Polisi India Tangkap Puluhan Pelaku Kerusuhan Usai Pemerkosaan dan Pembunuhan Bocah 11 Tahun
Baca dalam 60 detik
- Polisi India menangkap 35 orang terkait kerusuhan setelah jenazah bocah 11 tahun ditemukan di kolam, dengan satu warga tewas dihakimi massa.
- Seorang tersangka pemerkosaan dan pembunuhan tewas ditembak saat mencoba kabur dari polisi, sementara ibunya menolak menerima jenazah.
- Kasus ini kembali memicu perdebatan tentang keamanan perempuan di India, terutama di Benggala Barat yang pernah menjadi sorotan global pada 2024.

Polisi India menangkap puluhan orang yang terlibat dalam aksi kekerasan dan perusakan saat unjuk rasa menuntut keadilan atas pemerkosaan dan pembunuhan seorang bocah perempuan berusia 11 tahun di Benggala Barat. Peristiwa yang terjadi awal pekan ini memicu kemarahan publik dan kembali menyoroti persoalan keamanan perempuan di negara bagian tersebut.
Jenazah korban ditemukan di sebuah kolam pada 5 Juli, sehari setelah ia dilaporkan hilang di kawasan Baruipur, sekitar 30 kilometer dari Kolkata. Sejak saat itu, massa yang marah memblokade jalan dan membakar kendaraan. Dalam kerusuhan tersebut, seorang warga yang tidak bersalah dilaporkan tewas dihakimi massa. Kepolisian setempat menyatakan telah mengamankan 35 orang dan masih terus mengidentifikasi pelaku lain melalui rekaman video yang viral di media sosial.
“Kami telah menangkap 35 orang sejauh ini terkait kekerasan dan perusakan. Pelaku lainnya sedang diidentifikasi melalui beberapa video yang beredar luas,” ujar perwira senior kepolisian negara bagian Arvind Kumar Anand kepada Reuters.
Dalam perkembangan terpisah, polisi menembak mati salah satu dari empat tersangka pemerkosaan dan pembunuhan bocah tersebut. Tersangka bernama Prabhas Mondal ditembak pada dini hari 8 Juli saat mencoba melarikan diri ketika dibawa ke tempat kejadian perkara untuk rekonstruksi. Ibu Mondal menolak menerima jenazah anaknya dan menyatakan tidak ingin membawanya pulang karena “tidak melakukan hal baik”. “Dosa yang dilakukan anak saya, ia telah menerima hukumannya,” katanya dalam wawancara televisi.
Media India melaporkan bahwa keluarga salah satu tersangka lain mengklaim anaknya tidak bersalah dan ditangkap karena kesalahan identitas. Belum ada pernyataan dari keluarga dua tersangka lainnya.
Kepala Menteri Benggala Barat Suvendu Adhikari, yang menjabat setelah Partai Bharatiya Janata pimpinan Perdana Menteri Narendra Modi memenangi pemilu negara bagian pada Mei, menegaskan tidak akan memberikan keringanan bagi pelaku kejahatan pemerkosaan dan kekerasan. “Pemerintah baru ini akan mengejar para kriminal hingga batas hukum dan memastikan keadilan ditegakkan,” tulisnya di platform X pada 9 Juli.
Kasus ini kembali mengemukakan kekhawatiran tentang keselamatan perempuan dan anak perempuan di India, meskipun undang-undang yang lebih keras telah diberlakukan pasca pemerkosaan dan pembunuhan seorang perempuan 22 tahun di Delhi pada 2012 yang memicu demonstrasi nasional. Empat pria yang dihukum dalam kasus tersebut telah dieksekusi mati.
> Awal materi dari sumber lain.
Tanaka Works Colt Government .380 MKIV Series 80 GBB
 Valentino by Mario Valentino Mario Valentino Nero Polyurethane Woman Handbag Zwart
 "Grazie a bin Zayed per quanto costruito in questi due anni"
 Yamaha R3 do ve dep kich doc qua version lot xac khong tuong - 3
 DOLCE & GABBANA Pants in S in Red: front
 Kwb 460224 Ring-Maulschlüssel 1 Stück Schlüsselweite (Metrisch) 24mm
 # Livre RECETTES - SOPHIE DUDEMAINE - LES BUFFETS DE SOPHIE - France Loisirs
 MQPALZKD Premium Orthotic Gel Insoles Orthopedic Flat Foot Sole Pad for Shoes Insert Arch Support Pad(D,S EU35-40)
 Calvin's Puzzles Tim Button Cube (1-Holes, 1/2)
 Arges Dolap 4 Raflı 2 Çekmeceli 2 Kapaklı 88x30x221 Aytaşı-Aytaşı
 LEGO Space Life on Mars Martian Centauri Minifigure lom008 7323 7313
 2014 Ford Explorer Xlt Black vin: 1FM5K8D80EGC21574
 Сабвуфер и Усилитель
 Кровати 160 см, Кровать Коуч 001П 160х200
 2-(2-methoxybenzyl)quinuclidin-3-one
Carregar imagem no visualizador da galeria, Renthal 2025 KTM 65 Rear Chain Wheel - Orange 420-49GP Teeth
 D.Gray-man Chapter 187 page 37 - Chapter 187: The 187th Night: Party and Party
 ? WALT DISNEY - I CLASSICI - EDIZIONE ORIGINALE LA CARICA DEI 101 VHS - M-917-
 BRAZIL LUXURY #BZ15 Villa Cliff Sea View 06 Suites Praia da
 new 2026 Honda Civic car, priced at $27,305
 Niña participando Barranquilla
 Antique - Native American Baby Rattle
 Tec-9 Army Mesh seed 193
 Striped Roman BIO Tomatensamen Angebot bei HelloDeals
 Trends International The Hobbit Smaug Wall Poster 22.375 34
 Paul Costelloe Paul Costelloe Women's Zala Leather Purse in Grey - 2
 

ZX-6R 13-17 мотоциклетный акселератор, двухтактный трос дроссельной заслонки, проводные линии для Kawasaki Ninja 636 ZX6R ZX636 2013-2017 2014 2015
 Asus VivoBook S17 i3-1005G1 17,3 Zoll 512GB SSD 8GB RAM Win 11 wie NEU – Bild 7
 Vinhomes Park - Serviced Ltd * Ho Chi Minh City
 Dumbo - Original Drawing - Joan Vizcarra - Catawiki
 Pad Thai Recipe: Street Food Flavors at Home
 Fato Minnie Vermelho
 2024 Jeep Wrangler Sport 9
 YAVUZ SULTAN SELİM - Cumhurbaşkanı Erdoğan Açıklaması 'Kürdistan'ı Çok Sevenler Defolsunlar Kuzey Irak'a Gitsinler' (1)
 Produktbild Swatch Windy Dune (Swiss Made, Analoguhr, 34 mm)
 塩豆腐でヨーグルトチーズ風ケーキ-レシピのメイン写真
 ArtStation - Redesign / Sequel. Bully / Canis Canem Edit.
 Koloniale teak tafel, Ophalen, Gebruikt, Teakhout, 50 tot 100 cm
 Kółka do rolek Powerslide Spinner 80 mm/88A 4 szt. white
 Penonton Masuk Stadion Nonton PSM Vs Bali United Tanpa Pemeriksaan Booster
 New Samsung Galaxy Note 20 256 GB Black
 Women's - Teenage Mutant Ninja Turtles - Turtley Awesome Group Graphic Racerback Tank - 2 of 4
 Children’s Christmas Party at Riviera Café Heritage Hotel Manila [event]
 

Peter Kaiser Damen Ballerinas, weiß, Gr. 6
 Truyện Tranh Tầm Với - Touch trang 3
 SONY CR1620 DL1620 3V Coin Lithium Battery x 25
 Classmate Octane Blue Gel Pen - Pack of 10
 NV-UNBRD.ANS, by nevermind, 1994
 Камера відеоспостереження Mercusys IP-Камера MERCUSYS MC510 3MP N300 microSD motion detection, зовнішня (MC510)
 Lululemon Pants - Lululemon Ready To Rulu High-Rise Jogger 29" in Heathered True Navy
Bagi Indonesia, kasus serupa juga menjadi perhatian. Data Komisi Nasional Anti Kekerasan terhadap Perempuan mencatat ribuan kasus kekerasan seksual setiap tahun, dan publik kerap meluapkan kemarahan melalui aksi protes. Kasus di India ini menjadi pengingat bahwa penegakan hukum yang tegas dan perubahan budaya masih menjadi pekerjaan rumah bersama di kawasan Asia.
Ke depan, pemerintah Benggala Barat diuji kemampuannya untuk menangani kasus ini secara transparan dan mencegah terulangnya kekerasan massa. Apakah janji “tidak ada keringanan” dari kepala daerah akan benar-benar dijalankan, ataukah kasus ini hanya akan menjadi catatan lain dalam panjangnya daftar kekerasan terhadap perempuan di India?